In 1998 Jan met banana workers Doris Calvo and Carlos Arguedas and this encounter was to be the catalyst for Jan's Green Gold project. The aim of the project has been to highlight the iniquities of the international banana trade through personal narrative and different visual arts media. It is a long term project which Jan continues to work on today. Her involvement led Jan to work with Banana Link as that campaign organisation's Scottish Coordinator for almost 8 years, but under her own initiative she has made field trips to Costa Rica, Panama and Ecuador to do research and gather testimonies for Green Gold. It was through this project that Jan started making documentary films. Her most recent addition to the project is a series of film testimonies and photographic portraits from Cameroon in Central Africa.
Jan's films have been screened and broadcast internationally and both Bonita: Ugly Bananas and Pura Vida have won awards. She is a member of Glasgow-based voluntary film collective, Camcorder Guerrillas.

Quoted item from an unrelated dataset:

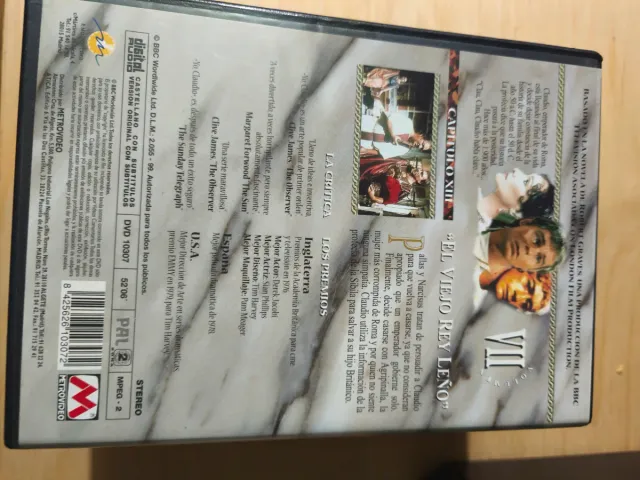 DVD Yo Claudio Vol. I (Drama Histórico)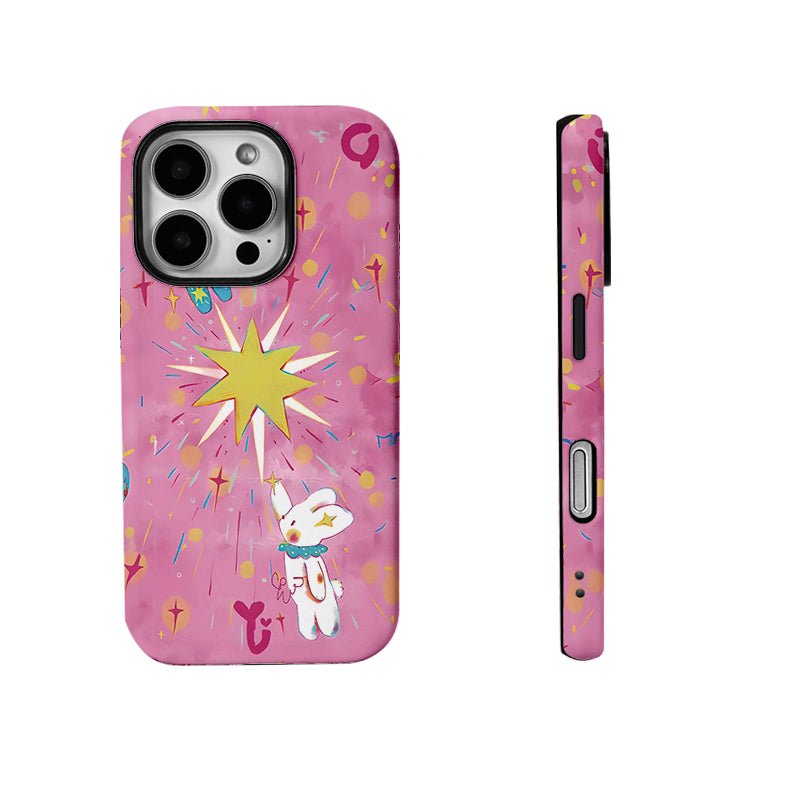 Star-chasing Bunny - Phone Case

After riding again in Costa Rica, Jan rediscovered her love of horses and in 2005 took a "life's too short" decision to buy Chaparro, a five year old Andalusian gelding, in Cazalla de la Sierra, Spain. Jan had ridden as a teenager but had never been able to afford her own horse. In 2006 Jan moved Chaparro to Galaroza, Sierra de Huelva, where is he is still stabled. Now a regular visitor to the area, Jan's long hours in the saddle mean that she has gained an intimiate knowledge of the Sierra, as far as Portugal in the west, the province of Badajoz to the north and east through the hills to the town of Zufre. Jan is currently gathering portraits of local smallholders, their livestock and produce as part of her Lie of the Land project.
Closer to home, Jan works an allotment in Glasgow with her husband, architect Paul Barham.